It was reported by Japanese media recently that Japanese Prime Minister Shinzo Abe would visit Iran in mid-June. Citing government sources, leading Japanese newspaper Yomiuri Shimbun said that during the recent visit to Japan, US President Donald Trump supported Abe’s decision to mediate US-Iran tensions. If Abe visits Iran, he will be the first prime minister to go to the Middle East nation since the visit of Japanese prime minister Takeo Fukuda in 1978. What’s behind Abe’s decision to visit Tehran? What will be the effects of such a visit?

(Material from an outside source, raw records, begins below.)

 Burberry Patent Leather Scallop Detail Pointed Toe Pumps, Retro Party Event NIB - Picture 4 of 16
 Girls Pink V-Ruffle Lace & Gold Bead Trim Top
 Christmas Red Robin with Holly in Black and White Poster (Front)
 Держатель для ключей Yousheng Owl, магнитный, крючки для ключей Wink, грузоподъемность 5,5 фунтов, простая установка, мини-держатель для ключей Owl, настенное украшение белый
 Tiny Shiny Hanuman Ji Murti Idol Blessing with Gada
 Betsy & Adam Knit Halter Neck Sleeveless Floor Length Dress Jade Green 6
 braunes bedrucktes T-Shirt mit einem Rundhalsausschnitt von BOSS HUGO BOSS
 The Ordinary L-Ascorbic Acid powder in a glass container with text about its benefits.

Tokyo and Washington are traditional allies with aligned diplomatic, military and security interests. At the same time, Japan has good relations with Middle Eastern countries, Iran being one of them. Japan is a country with scarce natural resources. However, as the third largest economy, Japan needs a large amount of energy to develop. It relies on importing oil and gas, a huge amount of which is from Middle East nations.
Japan’s Middle East diplomacy is essentially energy diplomacy. Iran is one of Japan’s major exporters of energy. According to The Diplomat, Tehran was Tokyo’s sixth largest crude supplier in 2017.
Thus, Japan has its own interests in Iran, as it has a huge demand for energy from this Persian Gulf nation. Except for being in line with Washington over politics with these countries, Tokyo’s interest in Middle Eastern countries rests on the requirement of energy. Therefore, Japan has an economic dependency on Iran and cannot afford to enter into a standoff with countries rich in energy.
Furthermore, in recent years, Japan has been seeking to be a great power in politics, over and above exercising significant economic influence. Japan shows a proclivity to participate in not only East Asian, but also international affairs such as mediating US-Iran tensions. This shows that Tokyo intends to augment its international standing and make its voice heard globally.
It is a challenge for Japan to balance its political and economic interests as it needs to be politically consistent with the US while satisfying its energy demand.
The Trump administration has heightened tensions with Iran by imposing economic sanctions. Besides the nuclear issue, other reasons, for instance the Islamic Republic’s style of governance, also contributed to Washington-Tehran dispute. However, Trump said on May 27 that Washington is not looking for a “regime change” in Tehran.
With escalating US-Iran tensions, Abe’s visit can further cement Japan’s alliance with the US and deepen ties with Iran. By taking advantage of its relations with Tehran, Abe can play a role in mediating their tensions. He would convey Washington’s views to Tehran. However, it remains to be seen how good a mediator can Japan be.